■ **DATA IN THIS EXERCISE**
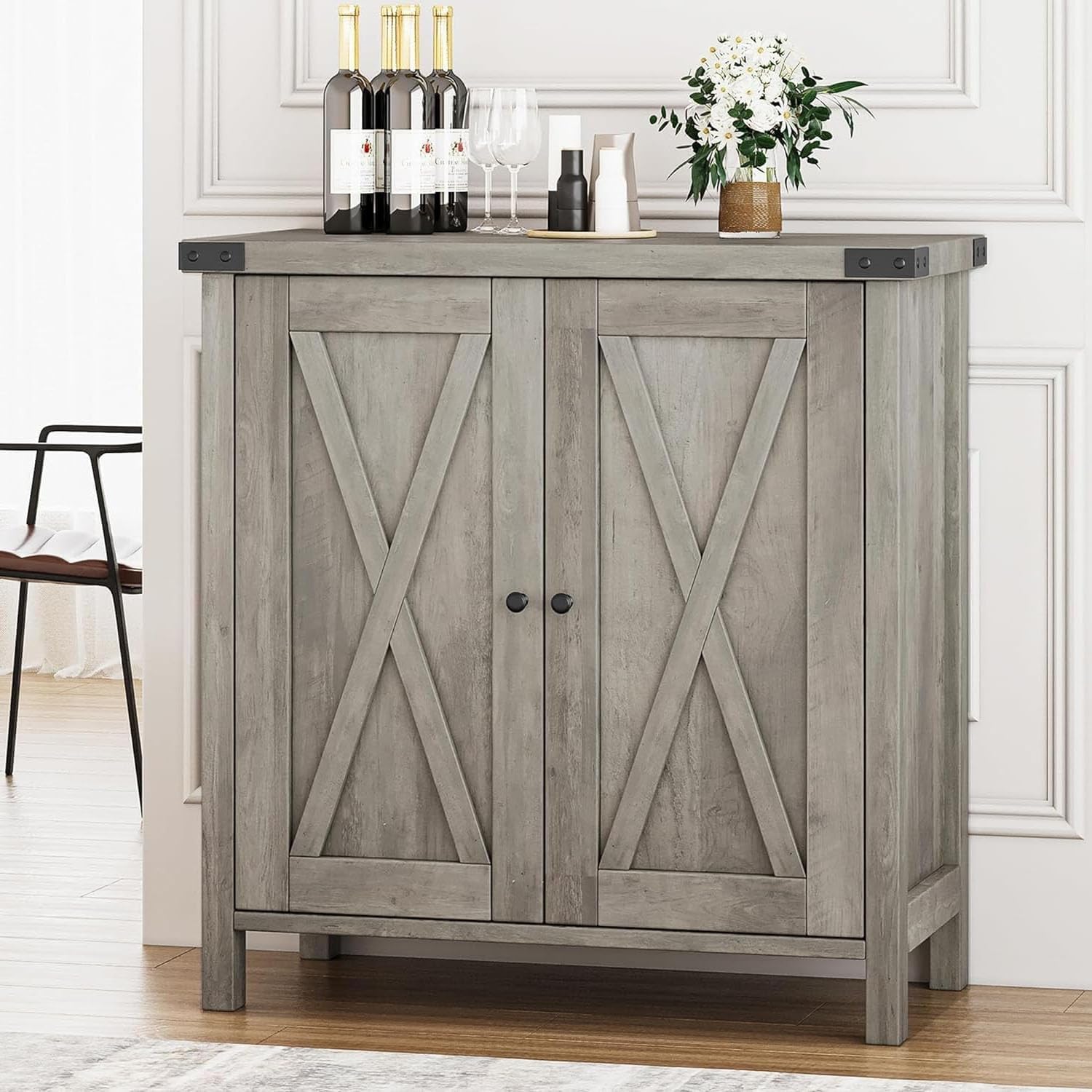 Qeetex Features rustic woodgrain finish with clean lines blending modern functionality and classic charm perfect for dining living entry or hallway spaces #AWEPHO0YPZKKVP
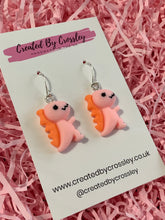 Load image into Gallery viewer, Light Pink Dinosaur Charm Earrings
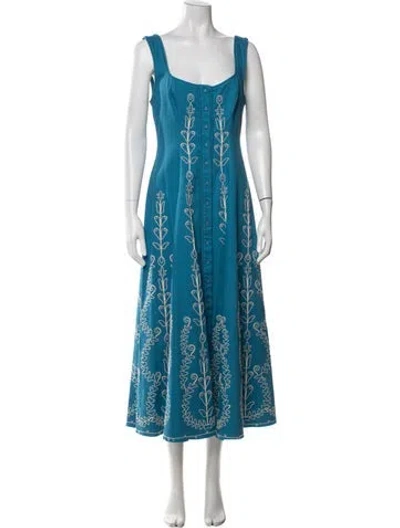 Pre-owned Alemais Floral Print Midi Length Dress In Blue
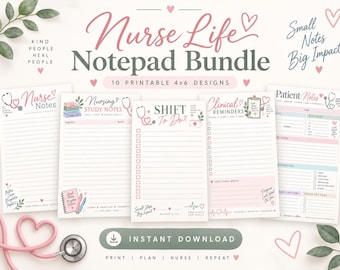 Nurse Life Notepad Printable Bundle, 10 Nursing Student Notepads, 4x6 Nurse Stationery, PDF PNG, Instant Download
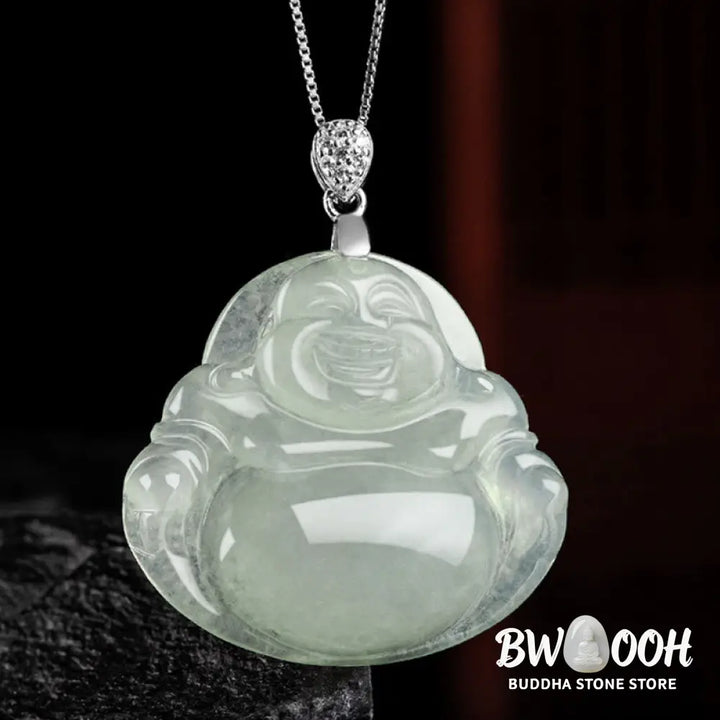 Buddha Stones Natural Jade Laughing Buddha Prosperity Abundance Titanium Steel Chain Necklace Pendant - BWOOOH
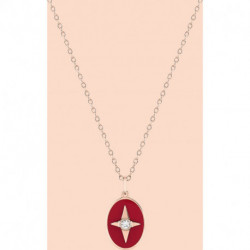 Collier Femme Plaqué Or et Laque Rouge Collection Etoile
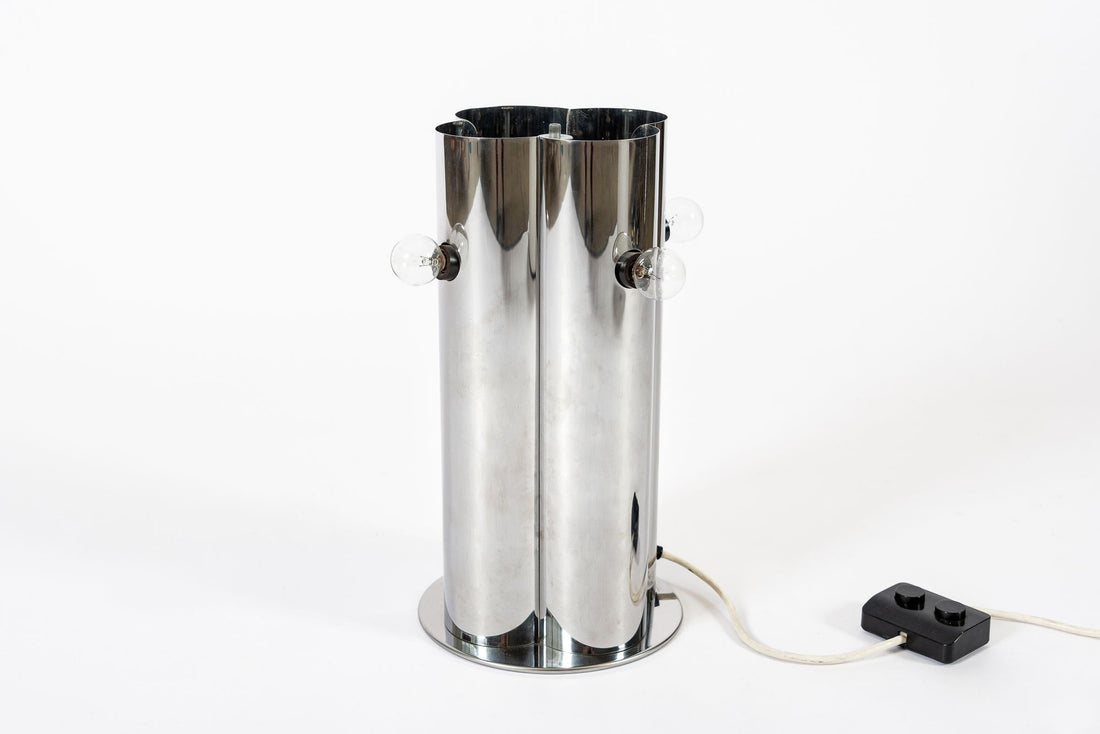 Extra Large Mid Century Italian White & Chrome Table Lamp by iGuzzini
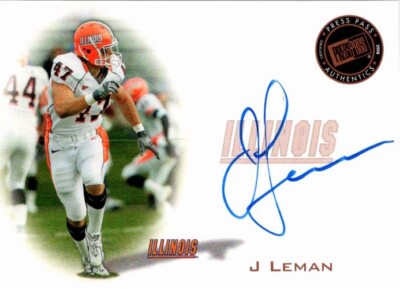 2008 -J Leman- Press Pass Autograph/Signed/Auto Rookie Football Card #PPS-JL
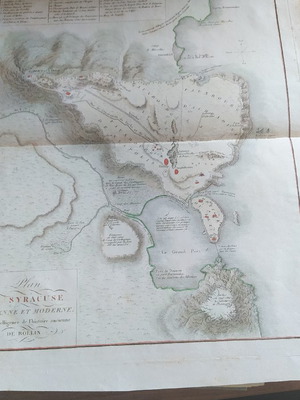 Χάρτης 1790 Συρακούσες αρχαία και νέα μεταχειρισμένος, ROLLIN, 35x44cm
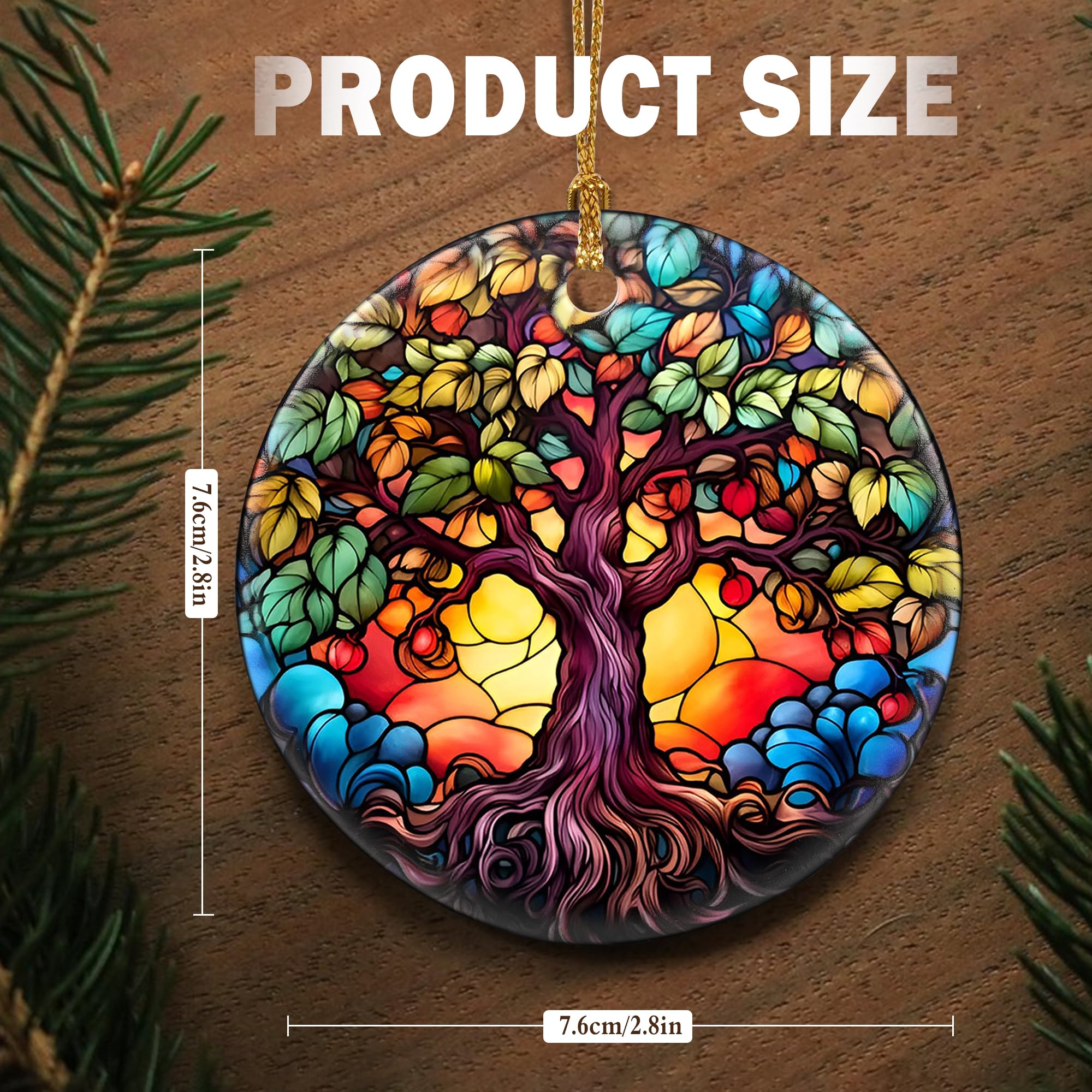 Touber Christmas Ceramic Ornament, Holiday Decoration, Heirloom Keepsake, Round, Gift Exchange, Tree of Life, Unisex-Adults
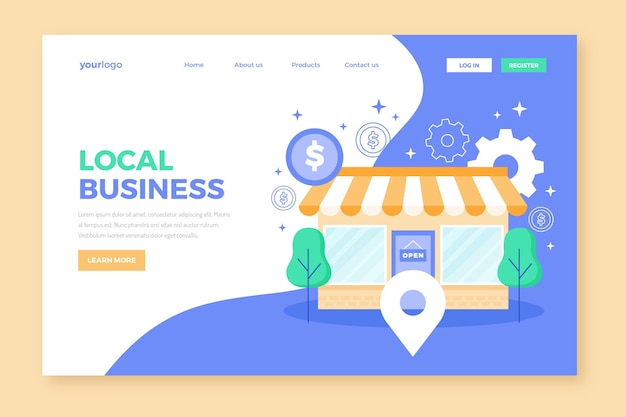 Free Vector local business landing page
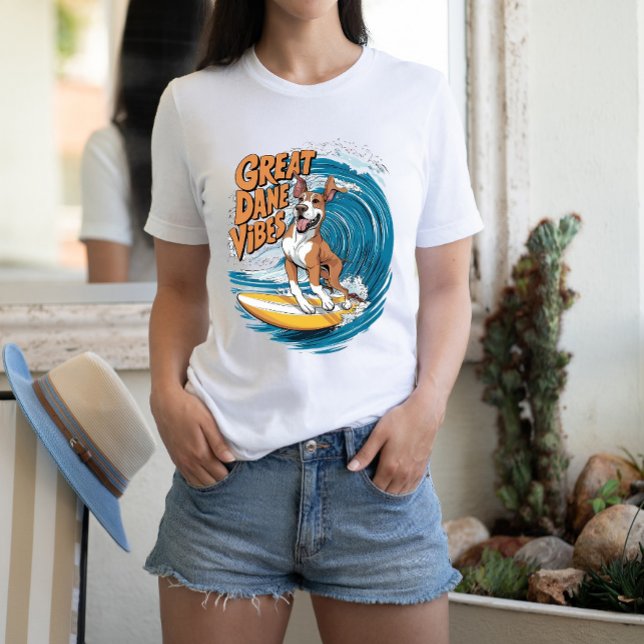 Der Wave Rider Great Dane Hund Surfen T-Shirt (Von Creator hochgeladen)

■ **EXERCISE DETAILS**
Up to and including the line that contains "2008 -J Leman- Press", print the records above exactly from their first line, without any pictures.

■ **TASK OUTPUT**
 Qeetex Features rustic woodgrain finish with clean lines blending modern functionality and classic charm perfect for dining living entry or hallway spaces #AWEPHO0YPZKKVP
 Load image into Gallery viewer, Light Pink Dinosaur Charm Earrings
 Pre-owned Alemais Floral Print Midi Length Dress In Blue
 Nurse Life Notepad Printable Bundle, 10 Nursing Student Notepads, 4x6 Nurse Stationery, PDF PNG, Instant Download
 Buddha Stones Natural Jade Laughing Buddha Prosperity Abundance Titanium Steel Chain Necklace Pendant - BWOOOH
 Collier Femme Plaqué Or et Laque Rouge Collection Etoile
 Extra Large Mid Century Italian White & Chrome Table Lamp by iGuzzini
 2008 -J Leman- Press Pass Autograph/Signed/Auto Rookie Football Card #PPS-JL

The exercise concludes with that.